ミニ・レビュー
作詞作曲を手掛けるヴォーカル、大志を中心に2003年に結成された5人組。レゲエやヒップホップ、ヘヴィ・ロックなどありとあらゆるジャンルを網羅したアレンジに、畳み掛けるようなリリックが乗る。そんな中で際立つ女性コーラスも印象的だ。
ガイドコメント
2003年に結成された5人組バンド、Aqua Timezの9曲入りミニ・アルバム。陰と陽のバランスのとれた、ミクスチャー・ロックが新鮮。作詞作曲を手がける太志のメロディ・センスにも注目だ。
収録曲
01希望の咲く丘から
ピコピコと音が空中遊泳しているようなサウンドにメロディアスな旋律が絡み、ヴォーカルが空間を塗り潰していくかのように言葉を紡いでいく。

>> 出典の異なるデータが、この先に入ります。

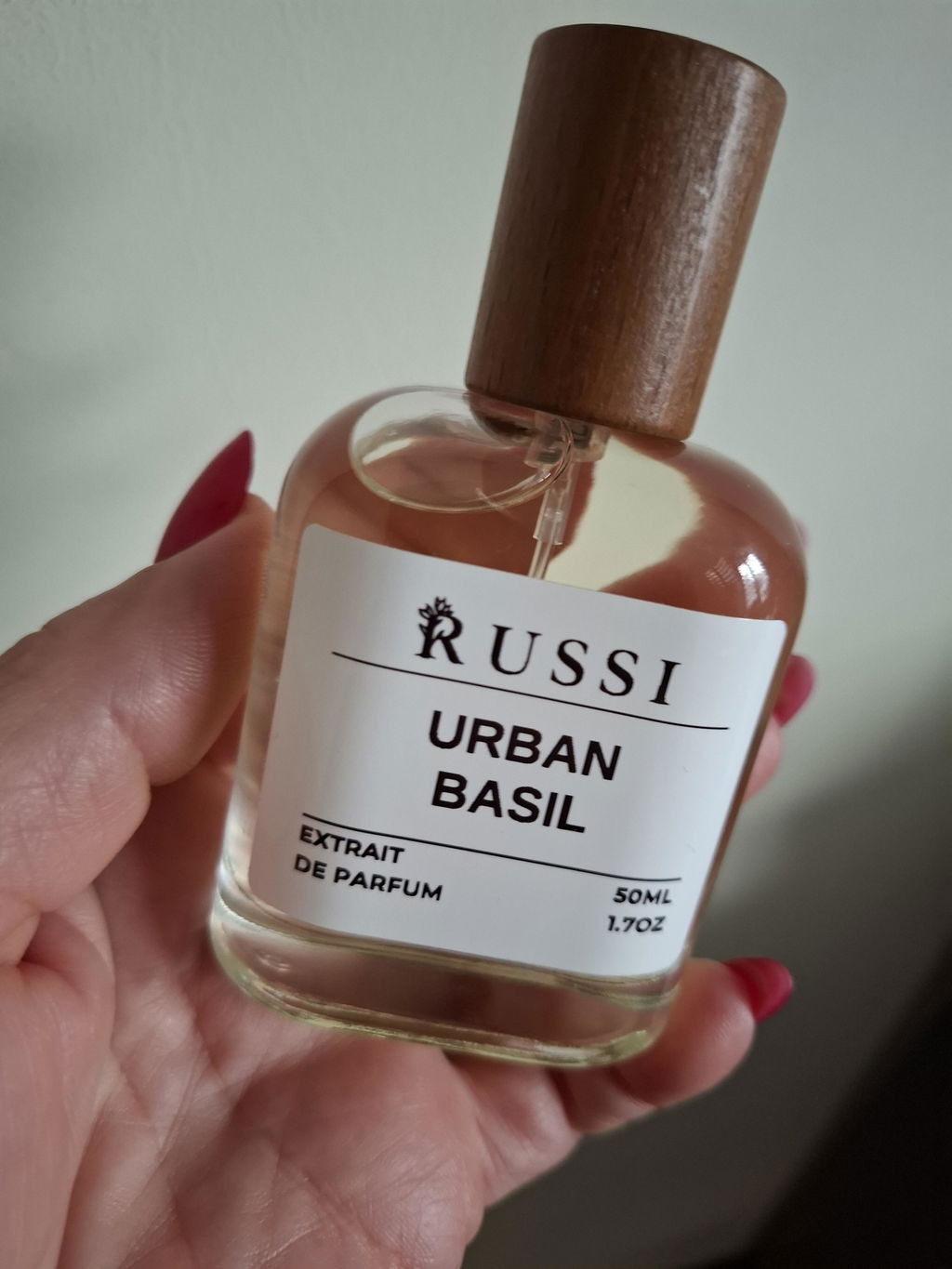 URBAN BASIL
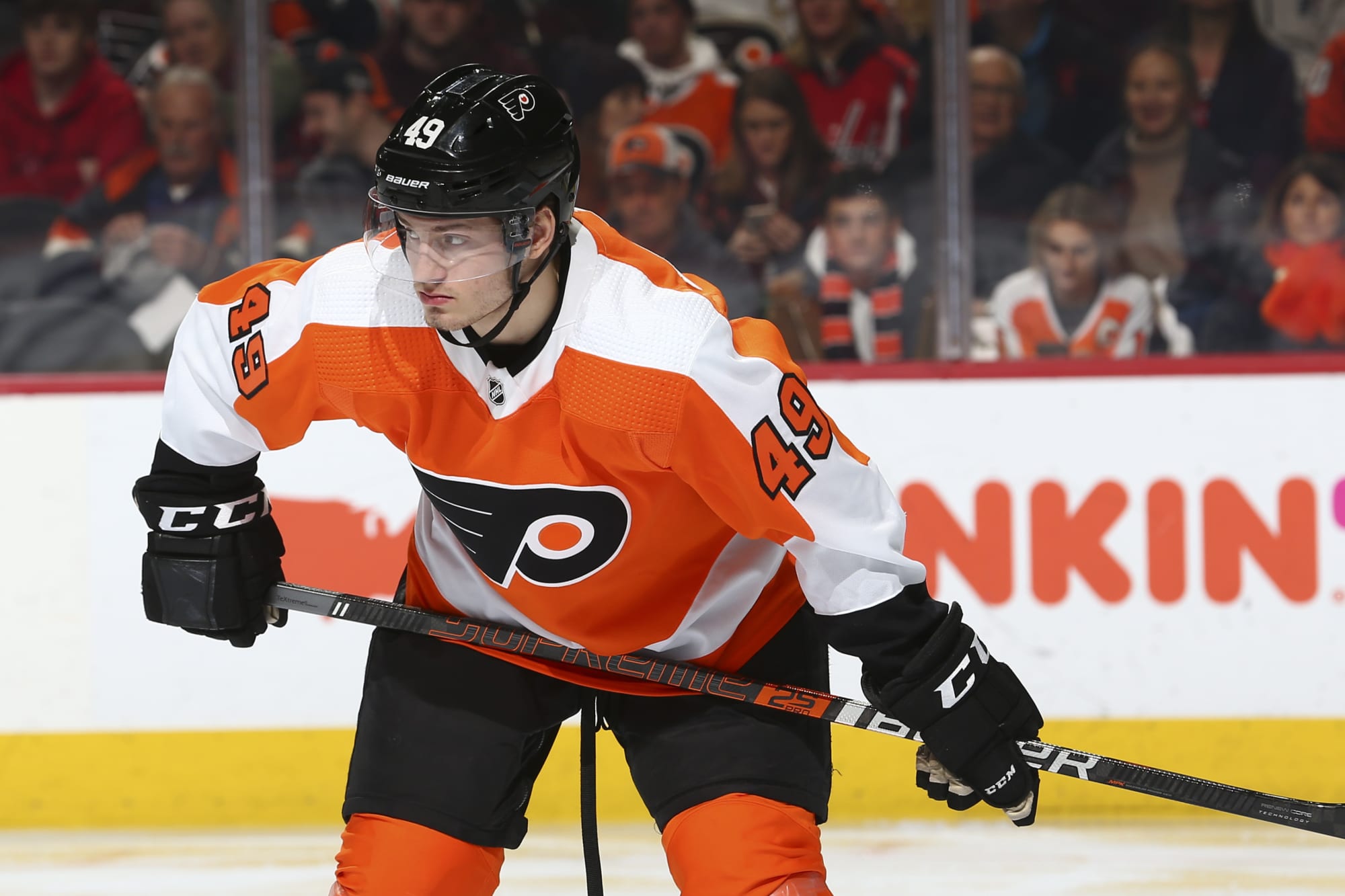 Philadelphia Flyers: Farabee, Couturier confident going into playoffs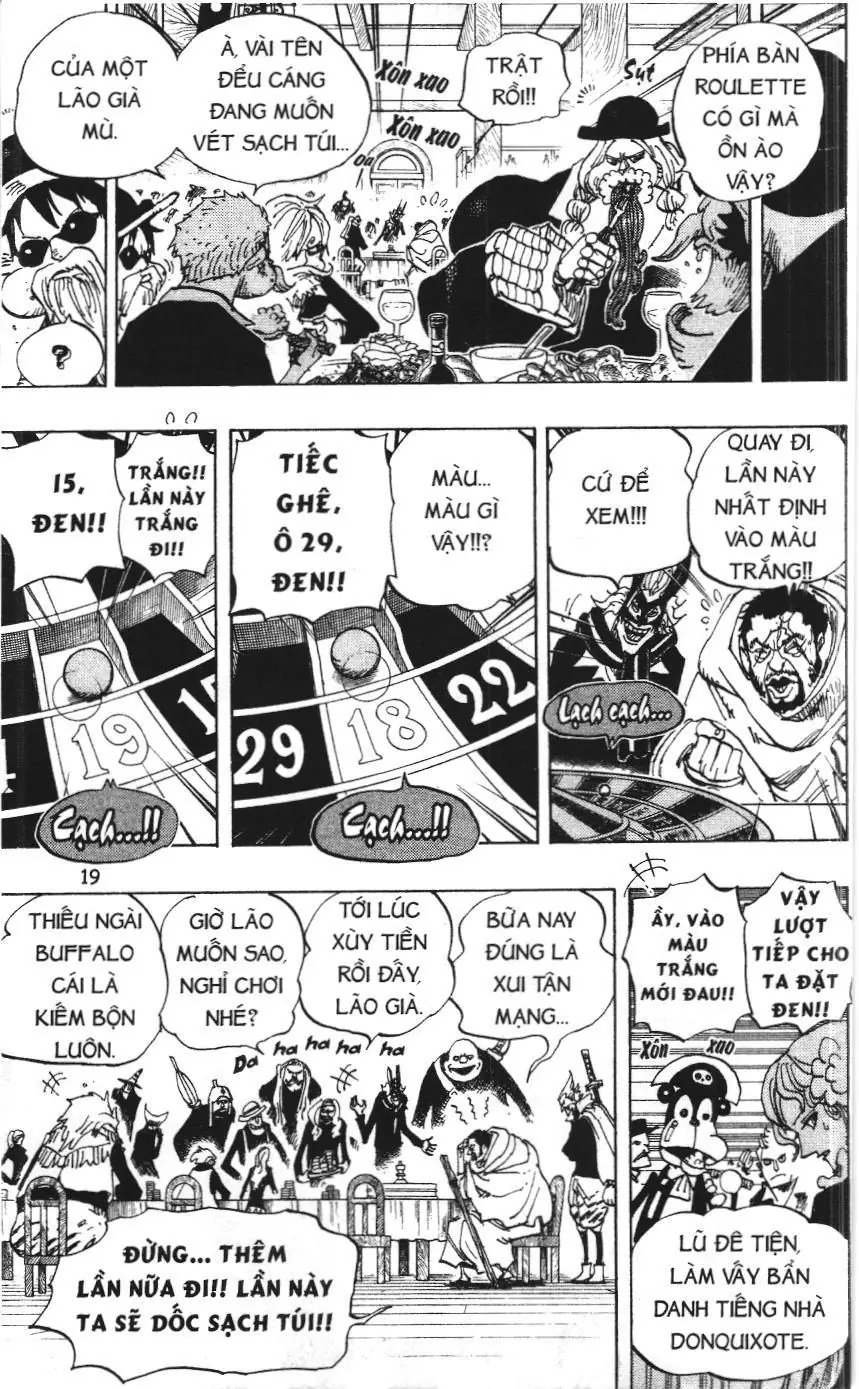 One Piece (NXB Kim Đồng) Chapter 701 - Trang 16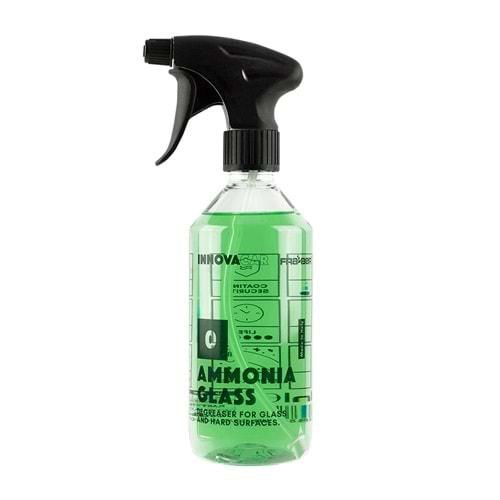 INNOVACAR 0 AMMONIA Amonyaksız Cam Temizleyici Konsantre - 500 ml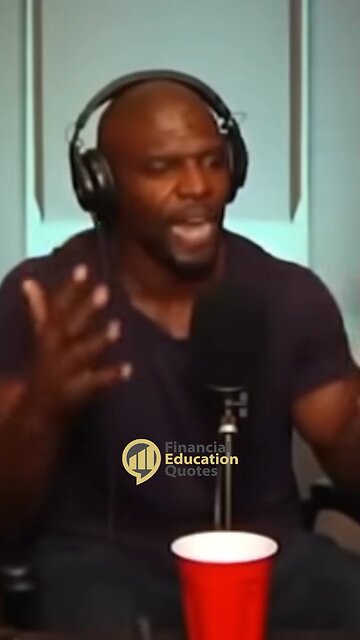 The Haters In Your Head - Terry Crews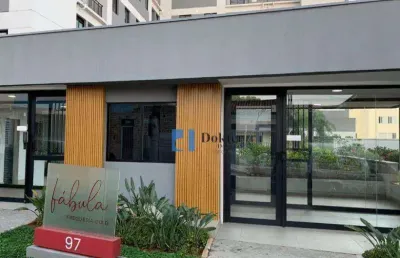 Apartamento com 2 dormitórios para alugar, 42 m² - freguesia do ó  - são paulo/sp
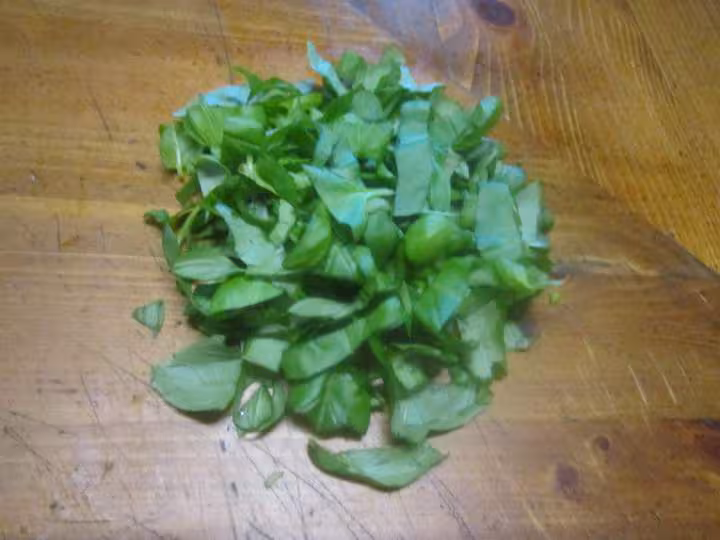 Joues de boeuf aux carottes et basilic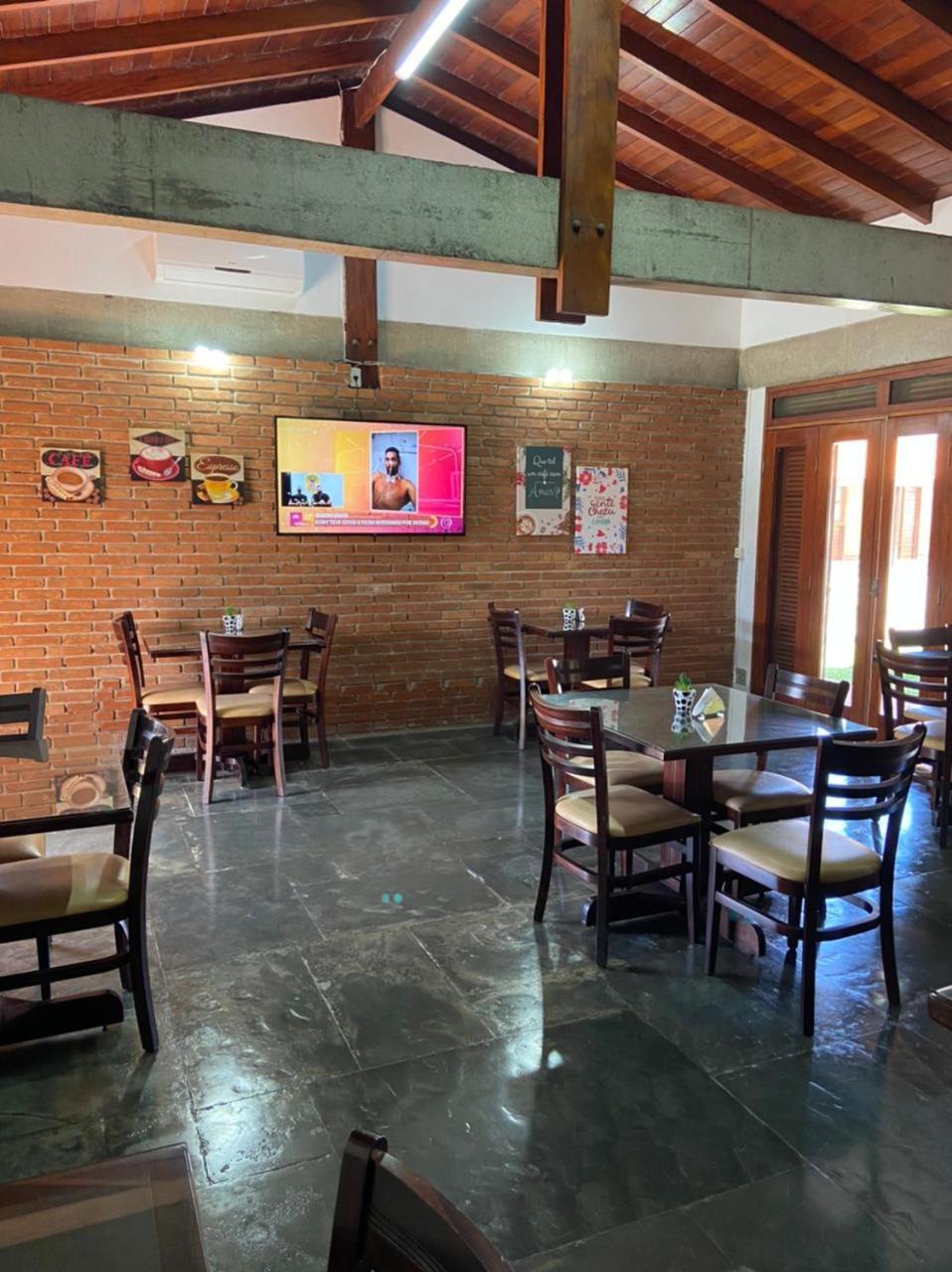 Pousada Vila Novo Tempo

悲しみを乗せたメロディが徐々に広がっていき、光と闇を感じさせる曲。
02向日葵
夢や希望に向かって生きていくことを、太陽に向かって一心に咲く“向日葵”に重ねて、一語一語噛み締めるように歌う。ゆったりとしたリズムから、力強いギター・サウンドや晴れ晴れとしたキーボードを聴かせている。
03等身大のラブソング
軽やかなレゲエのリズムと耳馴染みの良いメロディに乗せて歌われる、“等身大のラブ・ソング”。キャッチーなサビが印象的。人間味あふれるコーラスから、愛を祝福するムードが伝わってくる。心温まるナンバー。
04独り言
ラウドなギターが疾走感を煽り、猛スピードで一気に駆け抜けていく曲。エフェクトがかかったヴォーカルが発する言葉は、宇宙の神秘や人生の儚さを連想させる。そんななか、“何が残せる”というフレーズが胸に残る。
05上昇気流
パンキッシュで歯切れの良いギター・サウンドが、雲を突き抜けていくような爽快感をくれる。親しみやすいコーラスに乗って、ひとりの世界を飛び出して羽ばたいていけそうな気分になる。開放的なパワーをくれる曲。
06一生青春
ギターが叩きつけるように刻むリズムが、“胸のドキドキ”を表わしているよう。何かに感動する心を忘れずに、新しい世界へと踏み出していく“青春”な気持ちを持ち続けようという、若々しいエネルギーに満ちた曲。
07始まりの部屋
静かな鍵盤のイントロから、そよ風のようなギターに乗せて軽やかに疾走していく。一気に分厚くなっていくサウンドとともに力強い歌が炸裂し、静と動を感じさせる。爽やかな疾走感のなかに情熱的な想いが感じられる曲。
08Blues on the run
懐かしい響きの鍵盤に乗せたポエトリー・リーディング。短いながらも、幼いころの思い出から今の気持ちにまで繋がった詩を、ありったけの想いを込めて読み上げる。彼らが歌に込めるものは何なのか考えさせられる。
09青い空
つま弾かれるギターに哀愁が漂うナンバー。囁くようなヴォーカルが優しく、キーボードの旋律が美しい。“青い空”というタイトルとは裏腹に、夕焼けが似合いそうな曲。広大な世界で懸命に生きる人間の姿を歌う。